Turnstile’s fans—at least in the colorful imagination of their haters—are a legion of spin-kicking sycophants splayed akimbo in mid-air devotion, cheering the thrash-funk and rap-rock that surely no savvy hardcore fan misses. But the Baltimore-anchored five-piece deserves credit for riling these hardcore purists, who often sound like musical xenophobes when they decry outside influence. The backlash against the group also seems to stem from the presumption that the popular and resonant music of one’s adolescence—in this case, Red Hot Chili Peppers, Deftones, and 311—is categorically irredeemable as an adult. But Turnstile’s unlikely rise to a nationally adored major-label act shows hardcore’s nascent poptimism: Fans’ latent fondness for the alt-rock radio of their youth is resurfacing in their affection for Turnstile, even if they’re quick to point out, a smidge defensively, that the band cites its debts to lumpen bruisers such as Madball alongside Rage Against the Machine.
But the “experimentation” advertised on Time & Space, Turnstile’s third album and first for Warner Bros. imprint Roadrunner, is hesitant and unfocused. Instead of woven throughout the album, the flourishes are like mismatched ornamentation, out of place. To wit, Diplo’s synth squiggles on “Right to Be” are a celebrity cosign, not a touch of boldness. The 25-second R&B sketch “Bomb,” echoing the Gap Band’s hit “You Dropped a Bomb on Me,” is a derailment, not a detour. The album also includes an interlude called “Disco” and the cover sports a disco ball. Unless it’s about selling pre-order bundles, which come with a disco ball keychain, this theme is mystifying. Certainly, none of the songs themselves sound inspired by disco, and the imagery isn’t imaginative enough to compensate for the record’s fundamental shortcomings. It’s not exactly the conceptual, post-hardcore verve of Fucked Up.

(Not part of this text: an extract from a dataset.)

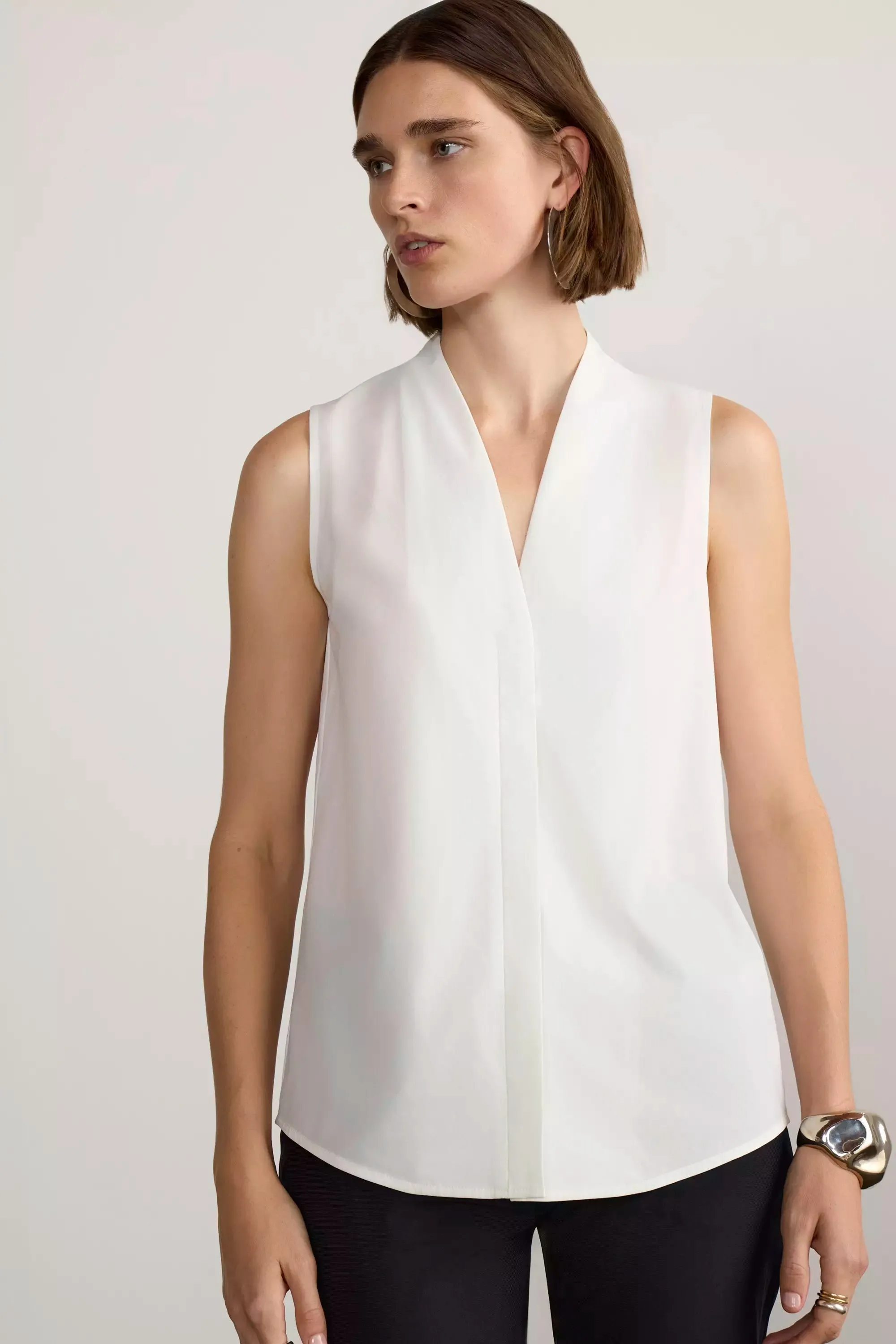 Resource Sleeveless V-Neck Blouse with Pleats - Bright White sold by Mondetta product image thumbnail 2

Even relieved of these distractions, Time & Space is actually a punishingly familiar collision of yesteryear’s crossover rock with textbook hardcore bluster.
Turnstile developed the sloshing hi-hats and mid-tempo strut of its early EPs into a more careening sound on 2015’s Nonstop Feeling, with vocalist Brendan Yates adopting a syncopated, Anthony Kiedis-style yawp atop blocky riffs and zigzagging solos. A perceptive troll listed Hot Action Cop’s sub-Limp Bizkit rap-rock hit “Fever for the Flava” as “Turnstile ‘NONSTOP FEELING’” on YouTube; it has 12,000 views. Perhaps chastened, Yates raps less these days. Time & Space has more lift than Nonstop Feeling, with texture and contour conveyed by tuneful backup vocals, tambourine, and handclaps where they’re unexpected. “I Don’t Wanna Be Blind” is like Deftones with more low-end, while “Moon,” on which bassist Franz Lyons charismatically croons, is an outlying bit of spritely pop-punk. The tasteful overdubs, along with dynamic mixing, rescue some songs, such as “Generator,” from feeling aggressively antiseptic.

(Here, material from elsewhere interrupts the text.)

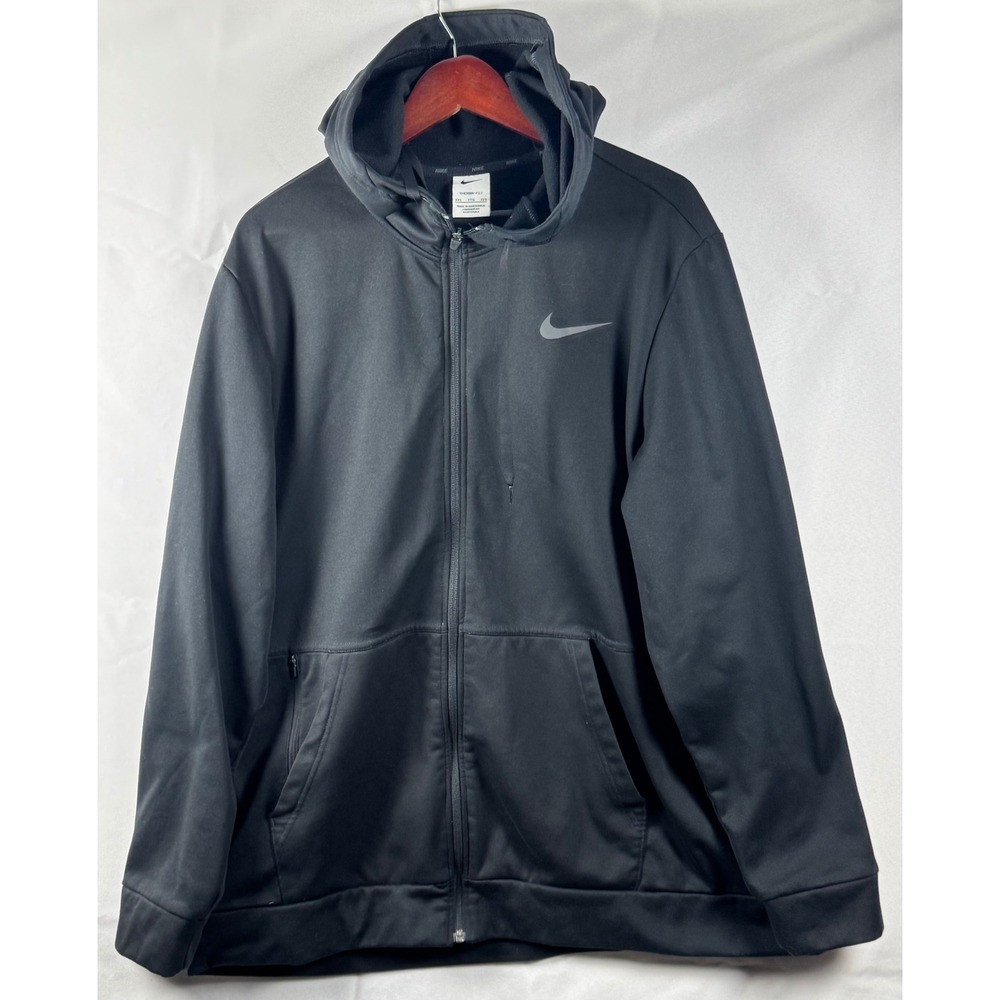 Nike Therma-FIT Full Zip Hoodie Mens XXL Black Fleece Lined DR8826-010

Even by the standards of hardship and adversity bromides in hardcore, Turnstile lyrics still read like ad jingles for a gym (”It’s hard / Too hard / Too hard to get it off the ground”). Yates sings about “you,” who’s typically a traitor, and himself, who overcomes challenges that remain mostly mysterious. And “Big Smile,” though its subject is vague, typifies the scorn with which he writes about women, striking a chillingly dictatorial tone as he shouts, “When I look you in the eye/Don’t need your big smile.” It fits a pattern in the catalog: “Death Grip,” from 2011, goes “Another girl to tear apart a man’s heart/Tie me down while you sleep with the world,” while Nonstop Feeling’s “Can’t Deny It” criticizes a “two-faced girl.” How easily camaraderie, the theme Turnstile shares with its hardcore peers, dovetails with gendered expectations of loyalty and reprisals for perceived betrayal. They could better vindicate the Lollapalooza headliners of yore if they didn’t evoke the rank sexism of emo.
As far as sharing stages, Turnstile’s effort to straddle different scenes is commendable. Time & Space’s record release gig is presented by Damaged City—the prominent Washington, D.C. hardcore fest—and they recently played at Nature World Night Out in Los Angeles, which featured Hatebreed alongside rappers Lil Ugly Mane and CupcakKe. Despite its formal constrictions, hardcore is amenable to stylistic exchange. But if hardcore and hip-hop have better common ground than nu-metal, they deserve a better synthesis than Turnstile. Drummer Daniel Fang once said that “rebelling against your peers is the hardest thing to do,” but nostalgia is easy, and Time & Space is conservatism in disguise.